Dental anomalies and oral pathologies—Periapical diseases and other findings. Detection of dental diseases such as periapical lesions, impacted or missing teeth, maxillary sinus anomalies, and condylar changes and other miscellaneous findings.
Prosthetics—The number of crowns and implants was calculated for each patient.
Demographic data such as age, sex, and medical status were taken from the electronic data.
2.3. Intra-Observer Reproducibility
In this study, we conducted a comprehensive evaluation of the intra-observer reproducibility of our measurements to ensure their reliability and accuracy. The observer (TOA) carried out ten repeated measurements, which were then meticulously analyzed to detect any inconsistencies or variations. We employed point estimates and a 95% Confidence Interval (CI) for assessing the differences in these measurements. Intra-Class Correlation Coefficient (ICC) scores for Periodontal Bone Loss measurements were high at 0.92 and 0.90. This indicates a high level of reproducibility.
2.4. Sample Size
Due to the lack of available data needed to determine the effect size, a pilot study approach was selected. The study included a total of 80 participants, comprising 40 patients who were sex workers (encompassing all individuals participating in the governmental project) and 40 control patients.
2.5. Statistical Analysis
The statistical analysis for this study was conducted using IBM SPSS Statistics software, version 25.0. Given the non-normal distribution of our data, nonparametric Mann–Whitney U tests were applied for bivariate analyses to compare the Decayed, Missing, and Filled Teeth (DMFT) index across the variables of age and sex. Descriptive statistics, including means and standard deviations, were calculated to summarize the dataset. A p-value threshold of less than 0.05 was set for determining statistical significance.
3. Results
For each group, 40 electronic health records were scrutinized, with the findings summarized in
Table 1. The average age among the sex worker group was 41.8 ± 12.29 years, which was not statistically different from the control group’s mean age of 37.31 ± 12.88 years. Within the sex worker cohort, 70% (28 individuals) identified as female, whereas the control group comprised 57.5% (23 individuals) female participants.
The sex worker group exhibited a notably higher mean DMFT (16.05 ± 8.09 vs. 7.95 ± 5.48,
p < 0.001), indicating severe decay, missing, and filled teeth conditions.

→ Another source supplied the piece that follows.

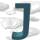 stylized letter J icons in varying shades of teal against a background of light gray cloud shapes, with one icon partially obscured by a gray rectangle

Figure 2 demonstrates the overall DMFT index and its separate parameters. Additionally, the prevalence of peri-apical lesions was significantly higher among sex workers (1.95 ± 2.22 vs. 0.5 ± 0.98,
p < 0.001), and they were also more likely to have decayed teeth (4.2 ± 4.1 vs. 0.8 ± 1.2,
p < 0.05) and supragingival calculus (60% vs. 17.5%,
p < 0.001). Missing teeth were more common in the sex worker group (5.8 ± 7.3 vs. 0.7 ± 1.4,
p < 0.01).
In both study groups, a regression analysis conducted to examine the relationship between age and the number of missing teeth, as well as between age and the DMFT (Decayed, Missing, Filled Teeth) score, indicated a moderate correlation. The correlation coefficient (r) was found to be less than 0.5 for both parameters in each group (data not shown).
Within the SW group, there was no difference between males and females (
p-value > 0.05). Conversely, in the control group, a marginally significant variance was noted in the DMFT score between males and females (
p = 0.053), alongside a statistically significant difference in the amount of teeth with fillings (
p = 0.02), as detailed in
Table 2.
Within the sex worker group, one patient experienced an oro-antral fistula following the extraction of a molar tooth, while another patient from the same group was diagnosed with nasal cavity candidiasis. There were no mentions of soft tissue lesions in the control group, according to our records.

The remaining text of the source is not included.